Leonardo DaVinci drawing - Five Characters in a Comic Scene, c. 1490

Leonardo DaVinci drawing – Five Characters in a Comic Scene, c. 1490

An editorial posted the other day in the Canadian newspaper the Globe and Mail, Let’s stop pretending academic artspeak reflects actual research, claims that “Artspeak” does not reflect “actual” research in the arts.  The conventions and validity of the arts are under attack daily at the moment.  As a member of a research institution where my research is art-making, and is occasionally supported by dense writing, I was disheartened to read this uninformed editorial in a major newspaper.

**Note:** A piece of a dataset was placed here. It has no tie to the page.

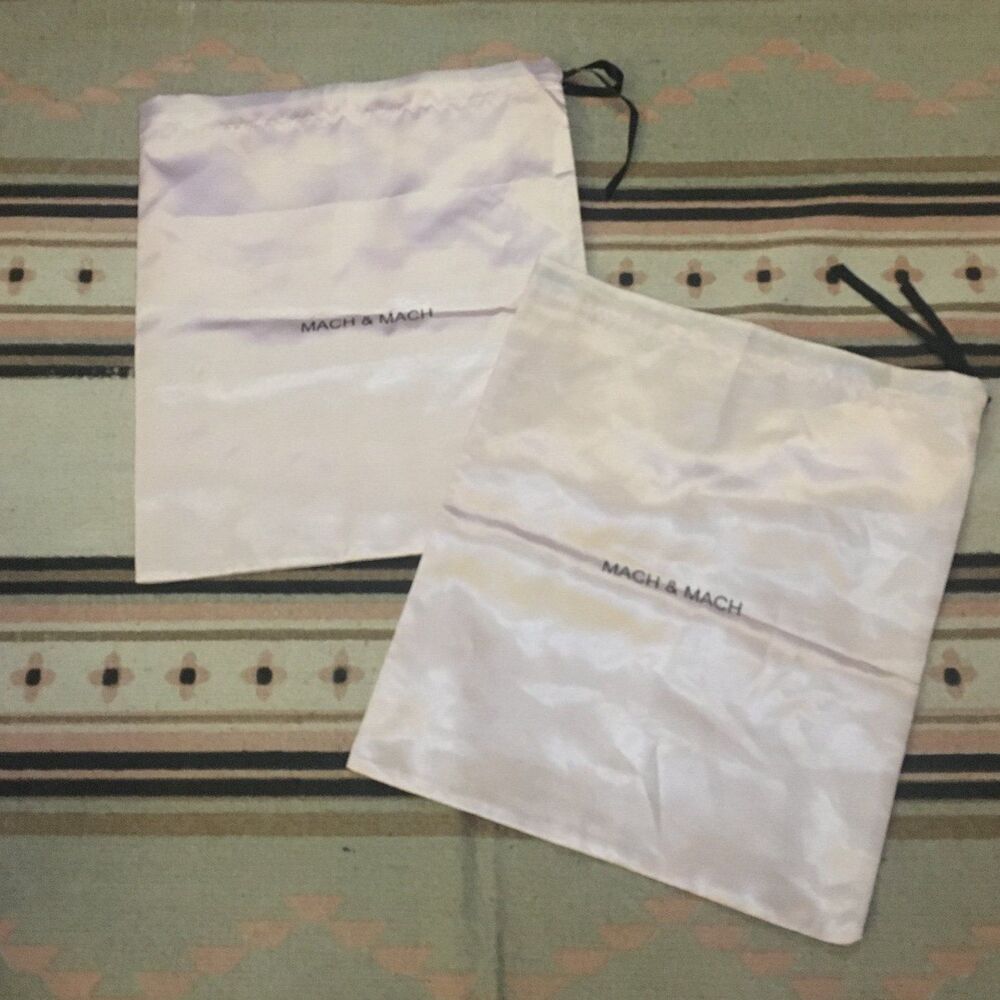 Two (2) Mach & Mach Pink Satin light drawstring 14” x 15” dust bag garment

Artspeak is the often satirized form of English that showcases artists’ proclivity to use complex and absurd-sounding words and phrases.  I do appreciate the difficulty of artspeak and acknowledge my complicity.  Yes, when possible and appropriate artists and theorists should write for lay audiences.  However, I also recognize the necessity of Artspeak as a discipline-specific form of writing with its own quirks and peculiarities.  Several authors at Triple Canopy, a New York magazine, did a wonderful analysis of Artspeak calling it “International Art English” in 2002, yet there are many artists and writers like Russel Smith, who likely never had patience for French poststructuralism nor the florid universe of International Art English it helped to spawn.  To the author’s three main points:

The author’s first point is that artists use big words to overcomplicate simple concepts.  The author claims that “performativities of language embody speaking subjects,” is the same as “people of different backgrounds use language differently.”  These sentences are not the same and have different meanings.  To tackle the first part of this mistranslation, the performative aspect of language (or anything else) is different than language itself, language itself being the province of linguists, grammaticians, and even anthropologists.  Performance itself is an important part of the fine arts, as is the performative aspect of words or materials etc–what words materials etc. can do.  Secondly, embodying is an important concept in the fine arts as well;  the fine arts necessarily deal with  identity, the body, and the ways that individuals or materials can express certain ideas in ways that other disciplines do not.  While in other disciplines people “use” language, in the arts language is additionally free to embody speaking subjects or vice versa.  Finally, the word “subjects” is not the same as the word “people”.  A subject is an important concept in the arts—the subject of a painting, a subject as a distinct entity and not necessarily an individual belonging to some specific “people“, as is the case in the authors example simplified sentence.  Admittedly, this is a clunky sentence that could be improved.  Yet, the author’s thesis that complex ideas like embodying and performativity are analogous to simpler words like “use” is nonsense.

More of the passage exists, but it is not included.